When my kids are hungry they turn into uncultured swine. I know this is my fault. I mean, kids aren’t born with table manners – they have to be taught. And I have not done a great job of teaching mine. Yet.
Table manner teaching at our house usually goes something like this:
Child: Mumbling through mouthful of food.
Me: Don’t talk with your mouth full.
Child: I don’t like chicken. What else can I have?
Me: Nothing. You’ll eat the chicken and you’ll like it and someday you’ll realize what a wonderful mother you had to feed you healthy food.
Other child: Sneaks last piece of garlic bread when no one is looking.
Child: Hey! You stole the last piece of bread. Mom, can you make more?
Me: No bread for either of you! Go do your homework!
Me: Thinking to myself, Why am I the only one in this family who knows how to carry a plate to the sink?!
Not satisfied with our current state of offending/nagging, I decided to come up with a more fun way of teaching table manners.
My new system is called the “Manners Menu.” I printed these menus of table manners and mounted them on black cardstock like menus at a fancy restaurant.
Here are the manners we are working on:
- The Chef is Special: Have a good attitude about what is on the menu.

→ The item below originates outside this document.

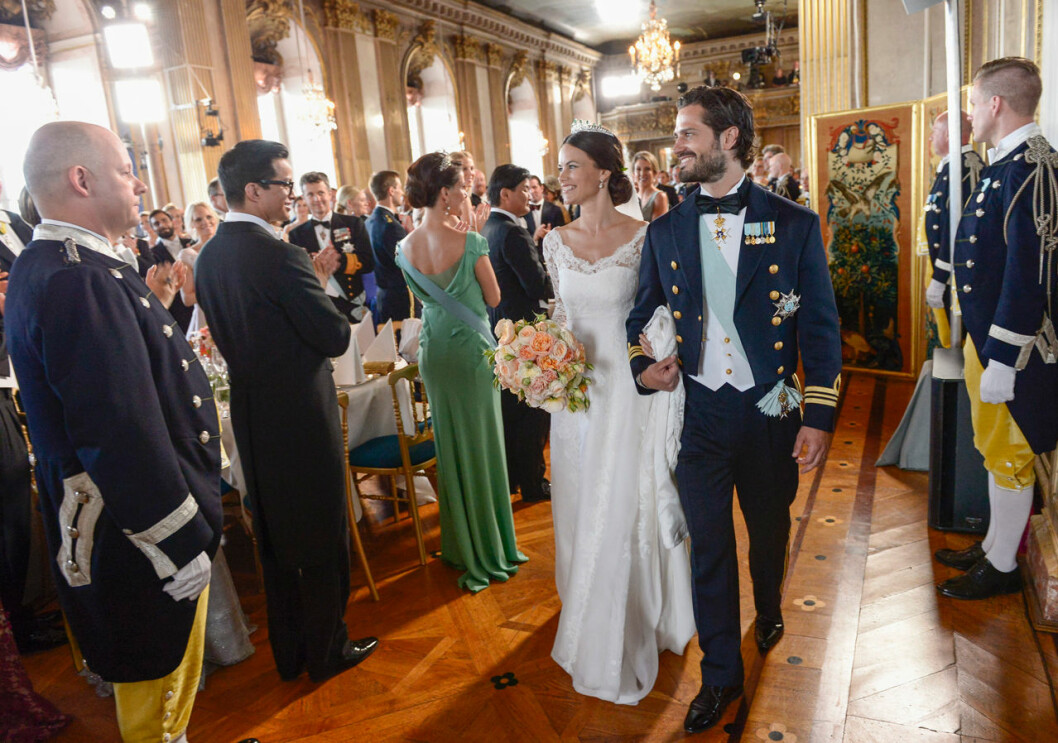 På väg mot bröllopsmiddagen. Det serverades inget kött eftersom Sofia är vegetarian. Prinsessan Sofia och prins Carl Philip under bröllopsmiddagen 2015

No complaining. Someone worked hard to make you this meal.
- Little Bites: Shoveling belongs in the backyard, not the dinner table. One small bite at a time, chew slooooowly, swallow, repeat.

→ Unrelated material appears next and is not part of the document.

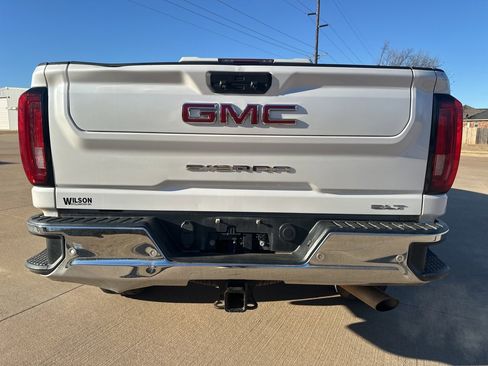 Used 2020 GMC Sierra 3500 SLT w/ SLT Premium Plus Package image 3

- Finger-licking, Not so Good: Use your napkin please, not your shirt, tongue, or pants! (Using your fork properly makes this one a lot easier.)
- Sweet Words: Remember your “please” and “thank you” please!
- Save the Last for Best: Best friends, family, and sisters, that is. Remember to offer the last bite on a serving platter to others before taking it for yourself.
- Finale: Ask to be excused and thank the chef or hostess for dinner. Carry your dishes to the sink.
Give it a shot! Download and print your own Manner’s Menu using the instructions below. You can even customize it if you’re working on different manners than we are.
How are your family’s manners?
Tell me I’m not alone in trying to train my little heathens! What kind of manners are you working on? I’m sure once we conquer these I’ll discover others that aren’t even on my radar yet.